If the recipe is for vegan mayo, why does the instruction section need a header saying that? It does make it confusing.


----------



## taxlady (Jul 9, 2018)

GotGarlic said:


> If the recipe is for vegan mayo, why does the instruction section need a header saying that? It does make it confusing.

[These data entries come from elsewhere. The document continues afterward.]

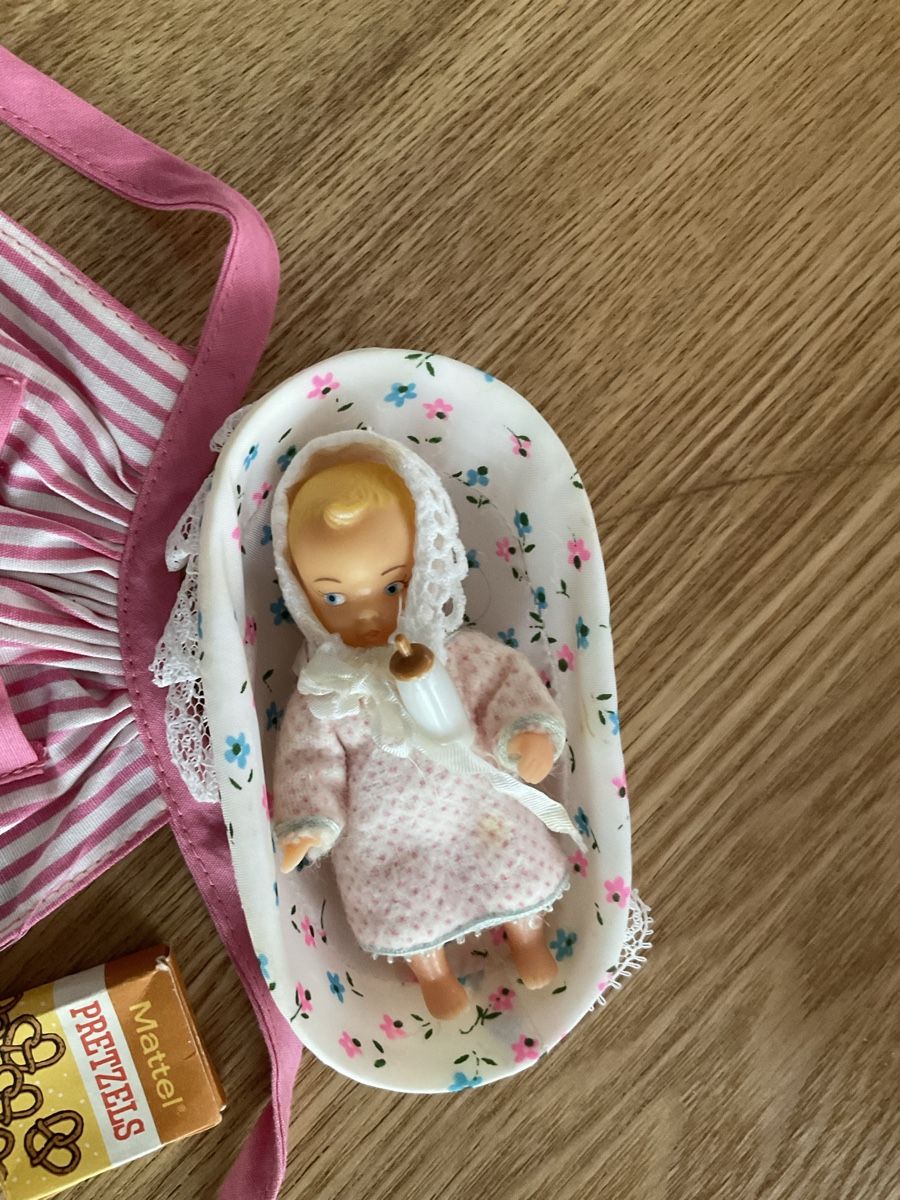 Puppen: Barbie baby Sits 1963 – Gebraucht aus Herbriggen von Sehrazade 1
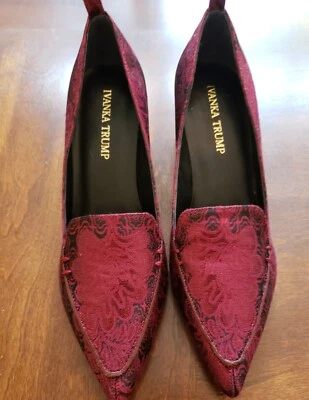 Mocasín Ivanka Trump Brocado Rojo NUEVO Talla 8.5M Foto 1 de 4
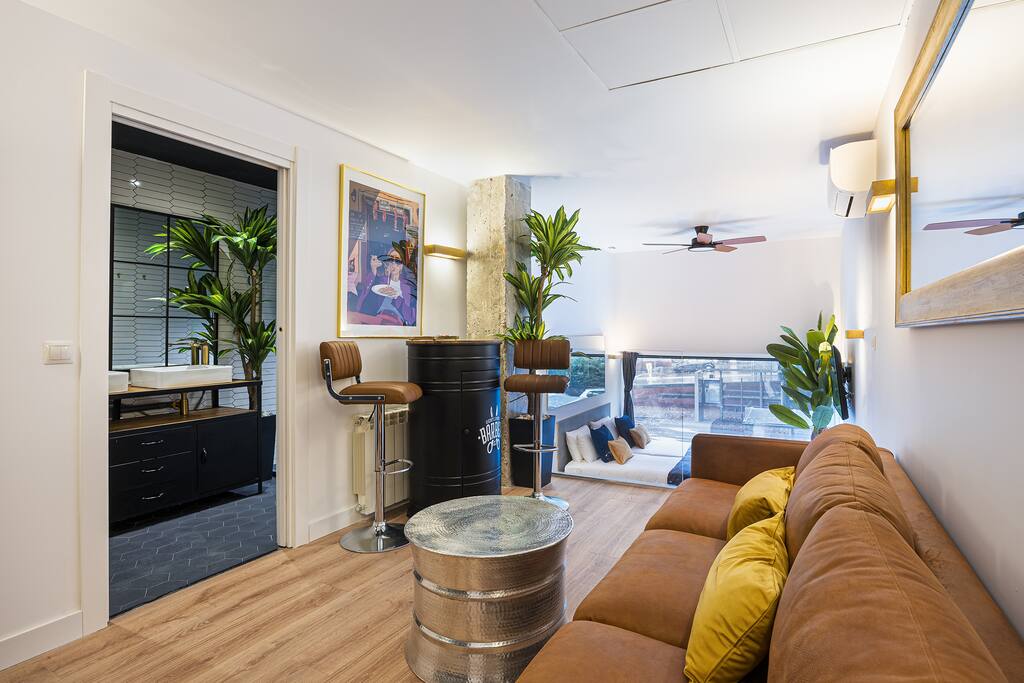 La Latina-City Centre-WiFi-A/C-SmartTV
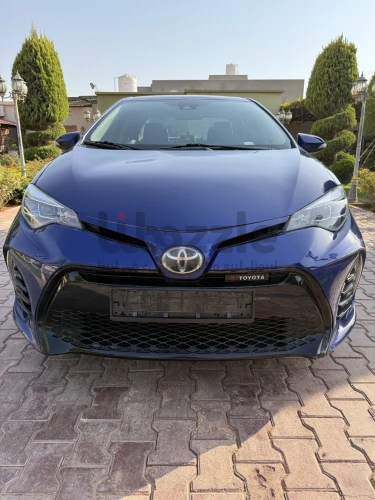 تيوتا كورولا 2017 ماشيا 43 الف ميل للبيع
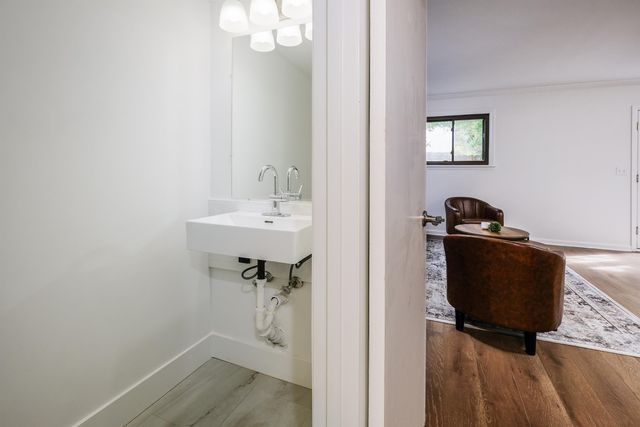 14 Briargate Place, Greenville, SC 29615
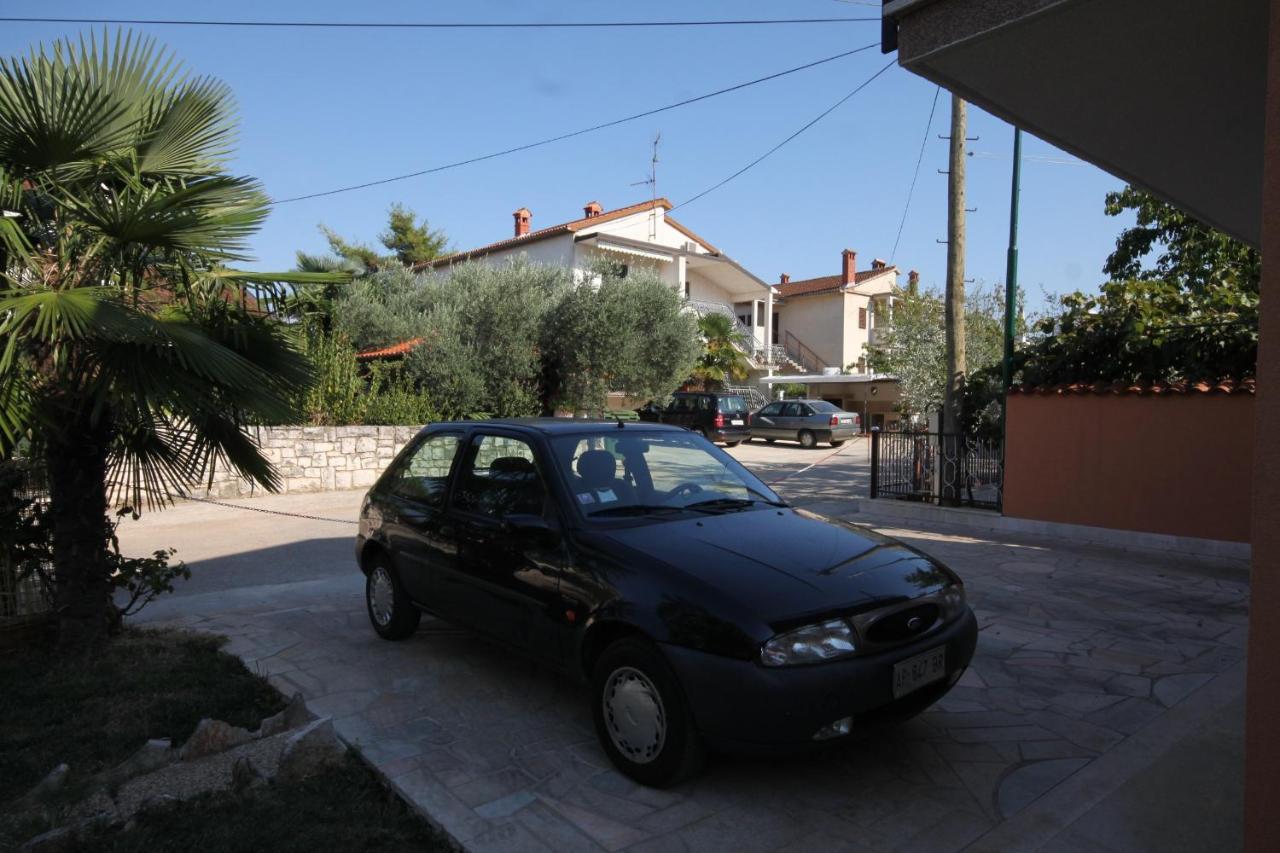 Apartments With A Parking Space Umag - 7039 Exterior foto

I agree, it's confusing. I'm guessing it was a copy & paste from the recipe on PPO's website and it just turned out unfortunate.


----------



## GotGarlic (Jul 9, 2018)

taxlady said:


> I agree, it's confusing. I'm guessing it was a copy & paste from the recipe on PPO's website and it just turned out unfortunate.


Makes sense [emoji2]


----------



## taxlady (Jul 9, 2018)

GotGarlic said:


> Makes sense [emoji2]


  I looked at the recipe on PPO's website. It was in the first post in the thread. Here it is again, Simple Vegan / Egg Free Mayo


There's a "print" icon/button on that website, so I printed a PDF for my files.


----------



## Mad Cook (Jul 9, 2018)

powerplantop said:


> INGREDIENTS
> 3/4 cup oil Your favorite neutral flavored oil
> 1/4 cup Aquafaba Liquid from cooking chickpeas
> 1/4 teaspoon salt
> ...


I hope you don't mind, Powerplantop, but I've passed your recipe to a vegan friend who hasn't found a commercial mayo substitute she can live with. She told me to say "Thank you".


----------



## JustJoel (Jul 10, 2018)

taxlady said:


> Did you misunderstand the recipe? The last item on the ingredient list is "1 Tablespoon Lemon Juice Or vinegar", not "Vegan Mayo". It would have been more clear with a line or a blank line between them. "Vegan Mayo" is the header for the instructions.
> 
> ...
> 1 teaspoon Dijon Mustard
> ...


That explains it. I guess my first hint should have been that there’s no amount for “Vegan Mayo,” and it’s capitalized. You must admit though that it does look as though the title is part of the recipe! Thanks for clarifying.


----------



## taxlady (Jul 10, 2018)

JustJoel said:


> That explains it. I guess my first hint should have been that there’s no amount for “Vegan Mayo,” and it’s capitalized. You must admit though that it does look as though the title is part of the recipe! Thanks for clarifying.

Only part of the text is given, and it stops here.